Key Buildings from Prehistory to the Present by Ballantyne Andrew;

Author:Ballantyne, Andrew;
Language: eng
Format: epub
Publisher: Laurence King Publishing


Pont du Gard

Nîmes, France; c.20 BCE

The Romans brought urbanism to places that had never experienced it before. Before the advent of motorized transport and mass production, people in rural districts would have done for themselves everything necessary for their own sustenance. In a city it is possible to develop a specialism – to make shoes, do joinery or make fine pottery. With enough people around to make use of the specialized work, a business can thrive. The larger the city, the more specialized the trades are likely to become. And the more specialized the business, the more efficiently and skilfully the goods can be produced, and the more refined they can be. There are distinct advantages for a society that has a network of cities.

Across the Roman Empire, roads made it possible to maintain links between cities and between the provinces and the supreme powers in Rome, which consumed a steady supply of the world’s most luxurious goods. Provincial cities were lower down the command structure, but a regional administrative centre such as Nîmes plainly enjoyed a form of life that was very sophisticated compared with that of the countryside.

The Pont du Gard, as it is now called, was part of Nîmes’s infrastructure. The city consumed crops and minerals from the surrounding rural areas, and also water. Some of its water supply reached the city by way of the Pont du Gard, which was built to carry a stream of water across a steep valley (with another river at the bottom of it).

The bridge’s purpose lies in the channel that runs across the top, closed in from the sky with stone slabs, and the rest of the bridge was built to hold that channel in place. Its position is exact. The water was brought almost 50 km (30 miles), and along that distance it dropped only about 17 metres (56 feet), so the watercourse was almost flat – but not quite. Water cannot be persuaded to flow uphill, and had the engineering been less precise – if the watercourse had wandered up and down even a little – the water supply would not have flowed at all. In fact, it flowed well, and continued in use for some 800 years, until sustained neglect meant that the watercourse silted up and stopped working.

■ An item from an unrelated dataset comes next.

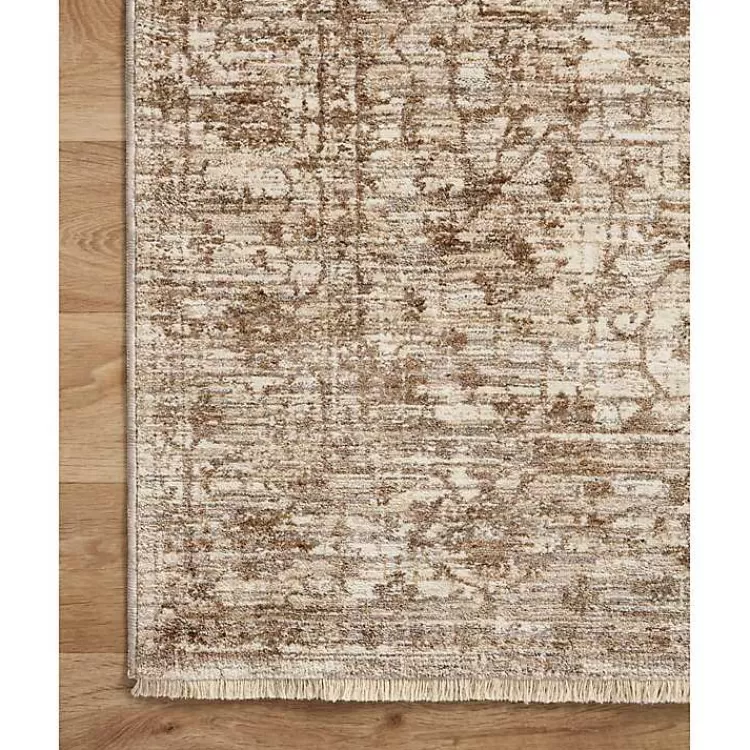 neutral_sorrento_medallion_area_rug_x_5.webp Neutral Sorrento Medallion Area Rug, 5x7>Kirklands Home Best Sale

In spite of the fact that the bridge is an impressive monument, it was not built as a monument. The construction is in blocks of stone that were neither decorated nor trimmed to an even surface. To make the arches, stone blocks were put in position on timber formwork, which held them in place until there was a complete arch that could support itself. Then the temporary timber structure was taken away and moved to the next arch that was being built. These timbers were large because they had for a while to support very heavy masonry. They rested on projecting stone corbels – blocks that were longer than the blocks above them – and, if the building had been intended for public view, these projections would have been chiselled off.